“If you put in the work, you will ultimately be rewarded for it.” That is the belief that Stephen Rider of the Netflix series Marvels’ “Daredevil” has grown up with and today he is a living testimony of that belief. Stephen was raised in a household where belief in God was top priority and belief in self was second. His grandmother, Mary Rider, always told him ‘once you start believing in yourself, you can never let go of your faith.’ And he held onto those words.
In his own words, Stephen Rider is a regular guy from Delaware that grew up a dreamer and a doer. He knew he wanted to be greater than his circumstances and in order to do that, college was his way out. Stephen chose Morehouse as the place to propel him into the realm of success and greatness – he figured if he roamed the same campus as the late Martin Luther King Jr., then he too could discover his purpose and in part that’s what he did.

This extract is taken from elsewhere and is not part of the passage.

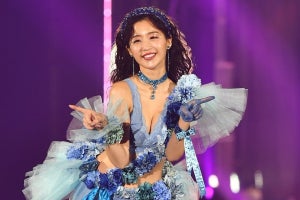 『バチェラー4』休井美郷、美谷間くっきり! ランジェリー姿でTGC初出演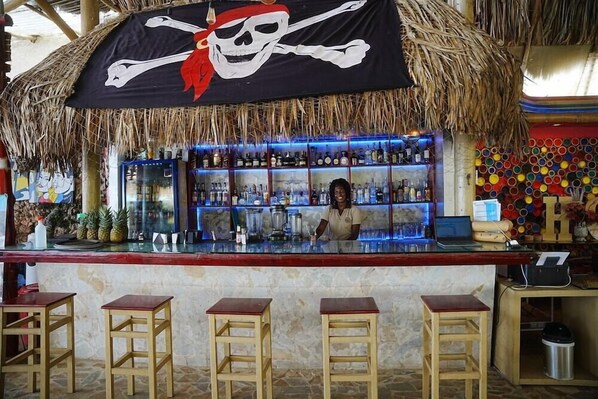 Bar (on property) - Hotel Isla Real (Cartagena)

While his initial major was in the world of financing, Stephen knew this was not what he wanted to do for the rest of his life. Stephen took a leap of faith and joined a friend’s production in college which forced him to push himself as an actor. The production was for a thesis film about a young black man away at school in a school that didn’t necessarily see him. That role pushed and fueled Stephen’s drive as an actor.
When asked what Stephen Rider brings to the table, he responds with one simple answer: “Myself… I know it sounds a bit cliche and maybe even arrogant to some but I would have to say myself. I think as long as you are able to reconcile with who you think you are versus the person you actually are, and you have a clear understanding of both, then you’re able to put your best foot forward and portray that both on screen and in your personal life.”
Speaking of meditation, Stephen says he meditates. “I started doing Transcendental Meditation at the David Lynch foundation in L.A. A friend of mine named Alicia told me about it once before and I said, hey why not. One day I sat and asked myself, ‘Stephen, you’ve done so much – you’re taken classes to hone your craft, you keep an open mind about any and everything but what have you done to connect to your purpose? And I thought,its okay to work on your outer self but a lot of times we leave behind our core and whats inside. Transcendental Meditation, I must say it has helped me immensely and I’m not as reactive and I’m a lot happier. I try and do it twice a day for twenty minutes. It really helps me.”
Nowadays, Stephen stars as Blake Tower in the Netflix series “Marvel’s Daredevil”. “In my eyes, Blake Tower is the voice for the voiceless. He is the politician who’s for the people but at the same time we can’t forget that he is a politician and that in and of itself can be a little problematic. He works with Daredevil because he wants the crime in his city to stop and the only way there seems for it to get done is with the help of Daredevil.”
If Stephen Rider hadn’t chosen acting, he’d probably be a teacher of some sort. “Anything that involves me communicating and reaching out to people, that’s what I enjoy doing the most… The other day I was on the subway and I ran into these seventh graders who were coming from a trip to the museum and I started up a conversation with them. At first they were a bit stand-offish, a little hesitant but once I told them I was on TV and I came from an inner-city just like them they began to open up to me. I challenged them to dream big and always think outside of their current circumstances.”
Stephen Rider is more than just a dreamer, he’s a doer. He took his time, honed his craft and put in the work required to meet his dreams. He didn’t wait for the opportunities to come to him. He went after them and in the end, it’s totally worth it.